Both times, after the shock subsided, came the work — rebuilding for those who decided to stay and try again.
“After ’99, I was hoping I’d never see another one,” Haworth said sadly, eyes fixed on the landscape of rubble.
In Moore proper, Haworth navigated through another pocket of destruction on streets numbered SW 14, SW 13, SW 12.
Then SW 11, where at the corner of Eagle Drive, flower-dressed crosses mark the loss of life that occurred where Plaza Towers Elementary stood. Nearby homes that remain — not leveled by 200-mph winds May 20 or by demolition crews in the weeks following — lean precariously, uninhabitable.
Haworth built many of those houses, in the 1960s.
“Some of them are still fighting with their insurance (company),” Haworth said of the owners, “or they were underinsured and now they’re stuck.” In all, 1,087 houses in Moore were destroyed, said Jared Jakubowski, special projects coordinator for the city.

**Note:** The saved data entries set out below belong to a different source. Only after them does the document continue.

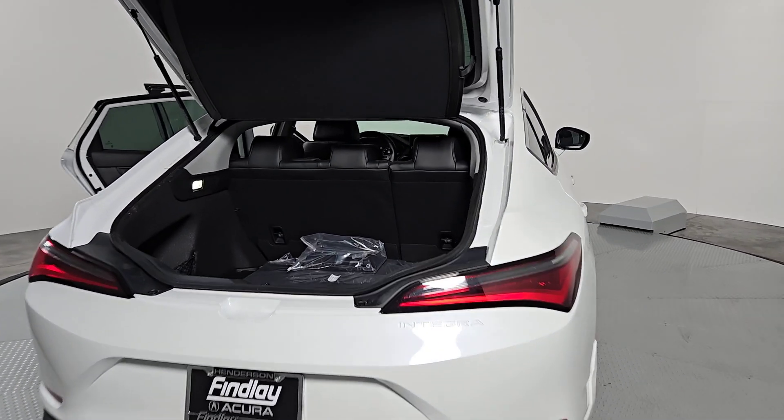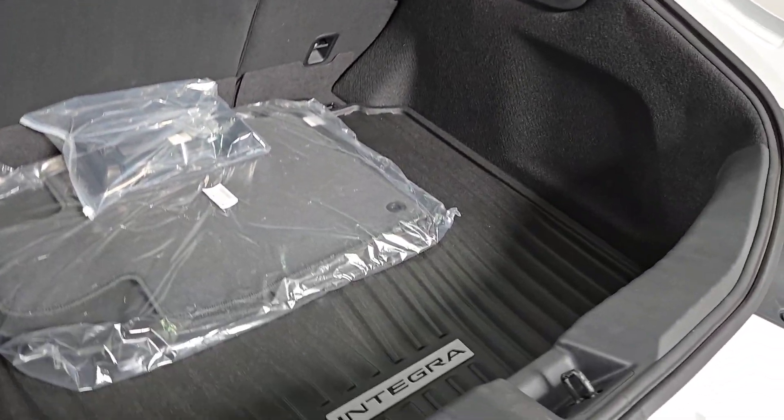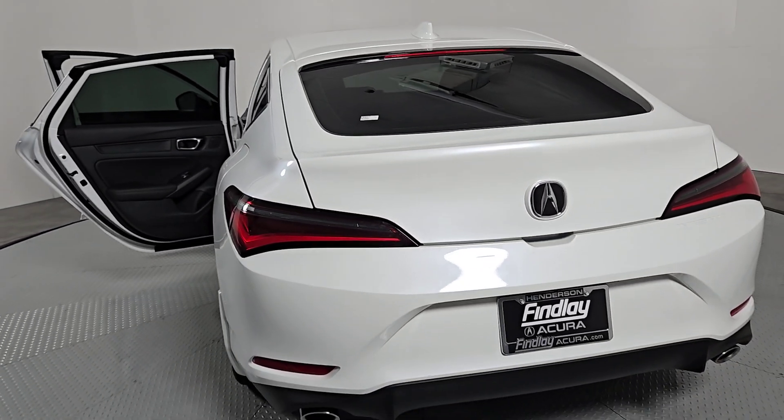The following are some of this vehicle's highlighted options: Apple CarPlay and/or Android Auto, Moonroof, Premium Sound System, Lane Keeping Assist, Heated Mirrors.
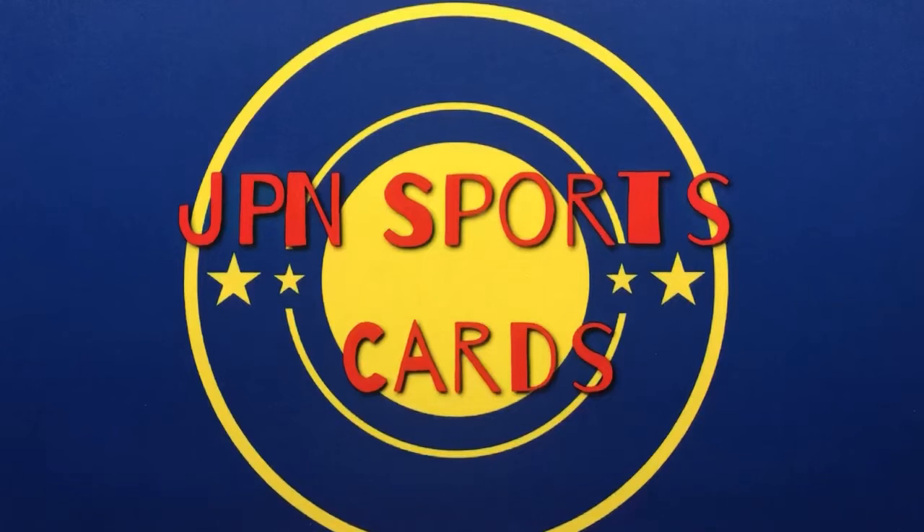Hello everybody, welcome back. Hope everyone's having a great day today. Today I'm going to be ripping into a bunch of random packs. This is all stuff that I picked up while I was at the National. All these packs, but I think two of them, actually came from the same booth. And it was a booth that I came across with Haas and Nate and Eddie. We all bought stuff from it and have actually pulled some fire out of some of the stuff that I got.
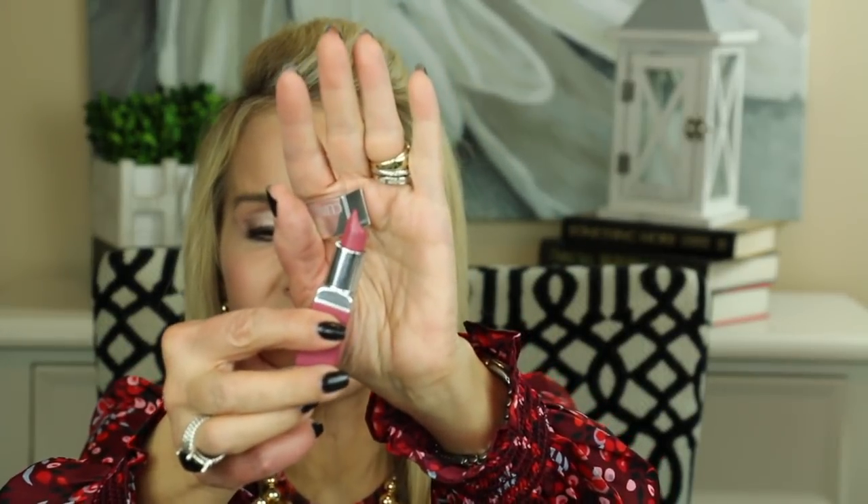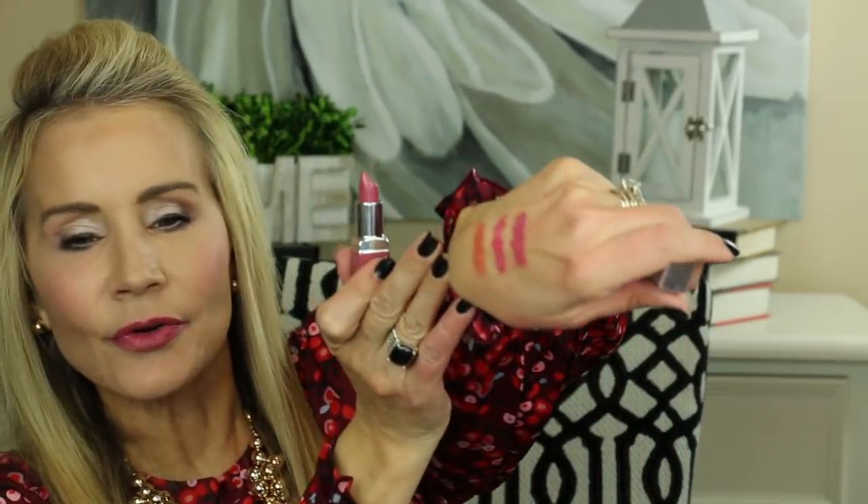Another Clinique lipstick I love is in the color Plum Pop, number 14. I absolutely love these little light rose colors. It's a beautiful little rose-colored lipstick — actually a little creamier than the Urban Decay. The Urban Decay has a slight frost, while this is more of a pure color. These Clinique lipsticks feel wonderful on your lips and last a good long time.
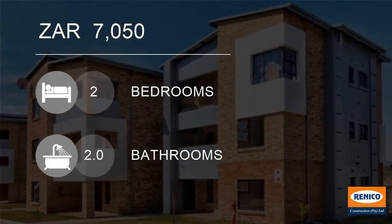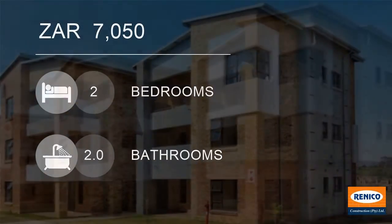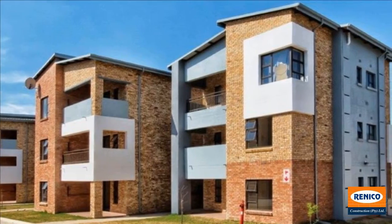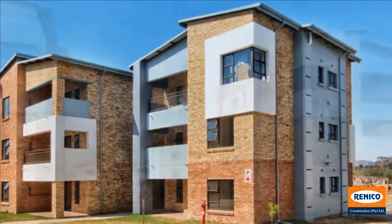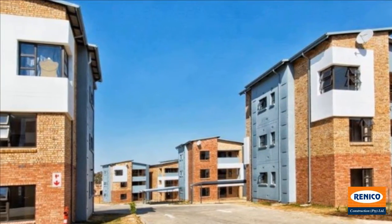Welcome to this two-bedroom apartment for rent in Randpark Ridge, Randburg, Gauteng, South Africa for 7,050 Rand. Secure complex accommodation in Randburg, just off Bares Nord Drive.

An additional 268 sustained major damage; 445 took minor damage; and 369 were affected, he said.
Many residents are rebuilding. Since May 20, the city has issued 218 permits for new construction, 377 permits for storm-µrelated remodeling; and permits for 897 storm shelters, Jakubowski said.
One customer who lost his home May 20 — Haworth built his home 35 years ago — called to ask Haworth if he still had the floor plan.

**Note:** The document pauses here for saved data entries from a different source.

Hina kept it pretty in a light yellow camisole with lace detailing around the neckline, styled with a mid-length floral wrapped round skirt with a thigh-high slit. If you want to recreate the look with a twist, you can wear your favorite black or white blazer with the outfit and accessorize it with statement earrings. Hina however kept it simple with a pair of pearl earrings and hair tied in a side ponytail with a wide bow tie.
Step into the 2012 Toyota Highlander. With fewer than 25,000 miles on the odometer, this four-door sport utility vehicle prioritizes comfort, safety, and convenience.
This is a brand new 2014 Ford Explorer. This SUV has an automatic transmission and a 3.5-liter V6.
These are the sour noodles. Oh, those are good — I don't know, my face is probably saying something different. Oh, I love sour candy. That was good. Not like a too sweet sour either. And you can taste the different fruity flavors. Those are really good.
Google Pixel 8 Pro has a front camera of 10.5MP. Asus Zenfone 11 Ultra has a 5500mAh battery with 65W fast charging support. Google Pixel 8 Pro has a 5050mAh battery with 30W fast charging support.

“I didn’t,” Haworth said, “but we were able to get started rebuilding, with a few updates.”
For many who choose to rebuild, updates will include one nonnegotiable item: a below-ground storm shelter.
In a tornado as strong as the one that hit Moore on May 20, “even concrete walls won’t survive” above ground, Haworth said. “Despite what some people say,” he said, it’s an engineering impossibility.